How the shifting tides of acceptable language have transformed a plea for racial harmony into a racist tract.
Recorded in 1969, Blue Mink’s Melting Pot is an idealistic plea for social harmony and a wish that racism and religious differences could be made a thing of the past by making everyone the same. You might argue that it is as much an attack on individualism as on racism, perhaps, but its heart is in the right place, especially given the conflicts and disharmony of the end of the 1960s. A mildly funky duet between a black woman (Madeline Bell, who still performs the song live and unedited to this day) and a white man (Roger Cook), it reached Number 3 on the UK charts, and clearly it struck a chord with people at the time. Liking the song was probably a good way of showing just how progressive you were. Of course, nothing ages faster than the social justice of yesterday, and by modern standards, some of the lyrics to Melting Pot have – to say the least – not aged well:
Take a pinch of white man
Wrap him up in black skin
Add a touch of blue blood
And a little bitty bit of red Indian boy
Oh like a Curly Latin kinkies
Oh Lordy, Lordy, mixed with yellow Chinkees, yeah
You know you lump it all together
And you got a recipe for a get along scene
Oh what a beautiful dream
If it could only come true, you know, you know
What we need is a great big melting pot
Big enough enough enough to take
The world and all its got and keep it stirring for a hundred years or more
And turn out coffee coloured people by the score
I’m sure I don’t need to point out where in that first verse that the song’s message of racial harmony might be lost to modern listeners. But unless you’ve kicked in your radio – or at least switched off in disgust – before that verse has finished, then the context for this list of racial stereotypes becomes clear, and I’m assuming (perhaps naively, I’ll admit) that Blue Mink were making a specific point by using racially insulting phrases that even in 1969 might have raised eyebrows. Indeed, the dubious nature of the song is nothing new – when Boyzone covered the song in 1996, they changed “yellow chinkees” to “Oriental and sexy” and “curly Latin kinkies” to “curly black and kinky” both of which of course would now be seen as just as bad, while the “red” from “Red Indian boy” was dropped.

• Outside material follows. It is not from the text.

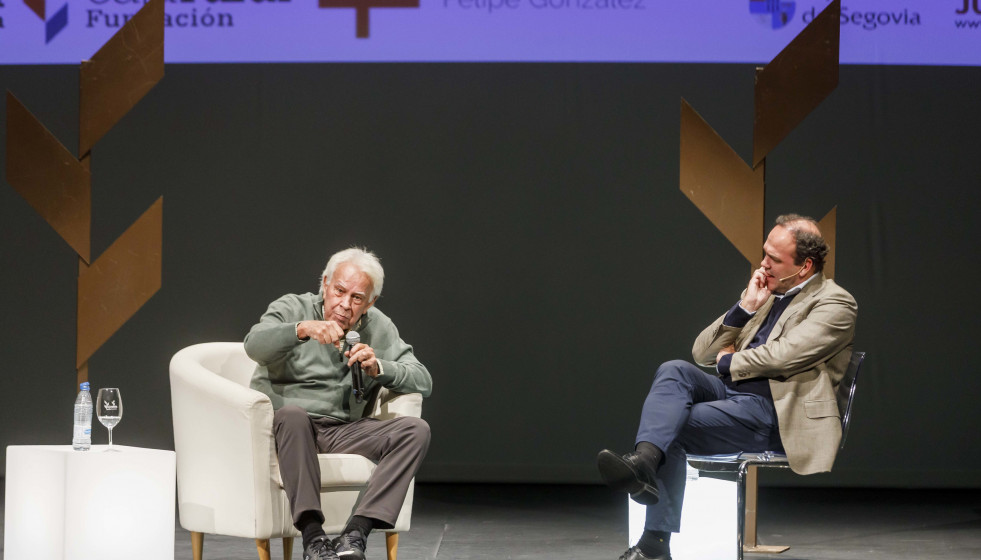 El expresidente del Gobierno Felipe González protagoniza el XVI Congreso EM+FI de la Fundación Caja Rural de Segovia, en el Teatro Juan Bravo.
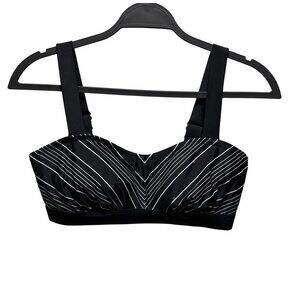 Athleta Bikini Top 32D/DD Underwire Black White Chevron Striped Bra Sized Swim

Even in 2015, the song was seen as beyond the pale for airplay – BBC presenter Iain Lee went out of his way to present his right-on credentials by playing the song after saying “I think it might be a little bit racist now” and then dramatically pulling it off the air after the “chinkees” lyric – a rather contrived stunt, you might think.
So the song is definitely ‘problematic’, and if you play Melting Pot on your radio station today – even if your station’s demographics are people who think that music stopped being any good in 1970 and and have never even heard of intersectionality – then you’d better precede it (and, just to safe, follow it) with an earnest discussion of the context of the song and perhaps some finger-wagging disapproval of the lyrics, or you’re going to get into trouble. This fate has befallen two UK radio stations so far, and unless golden oldie radio stations across the country suddenly start pouring over the lyrics of every record that they have been playing for years (and let’s assume that Melting Pot has not suddenly been dusted off to upset modern listeners, but has been part of station playlists for a long, long time) then it’ll probably happen again.
Some might argue that the message of Melting Pot surely overrides any dated language – the currently unpopular argument that it’s better to say the right thing using the wrong words than to spew hatred while carefully clinging to the currently sanctioned ‘correct’ descriptions – that dated language is less important than the overriding message of acceptance and harmony. But brodcasting censors OFCOM are having none of it, and have demanded that radio stations agree not to play the song again after receiving just one complaint.
It’s possible, of course, that even if someone were to take a further stab at reworking the offensive lyrics and re-recorded the song, the very nature of Melting Pot will grate with the current intersectionalist movement, which seems almost as keen on dismantling integration as the old Apartheid government in South Africa was, with identity politics being all – the idea of us all blending together to be one equal version of humanity is against everything that they believe in. When we are told that people of one culture should not appreciate and enjoy another culture, the idea of us all being stirred together will seem less a call for social harmony, and more an attempt to eliminate minority groups – less social cohension and more social darwinism, perhaps. As it stands, the song seems to be a provovation against both the far left and the far right, both of whom are far more likely to skwark and complain than the normal people stuck in the middle. It doesn’t take much to unite apparently dispirate groups in outrage. So perhaps the song has helped create a melting pot after all, albeit one that, rather than “coffee coloured people”, instead churns out hate-spewing offence seekers by the score.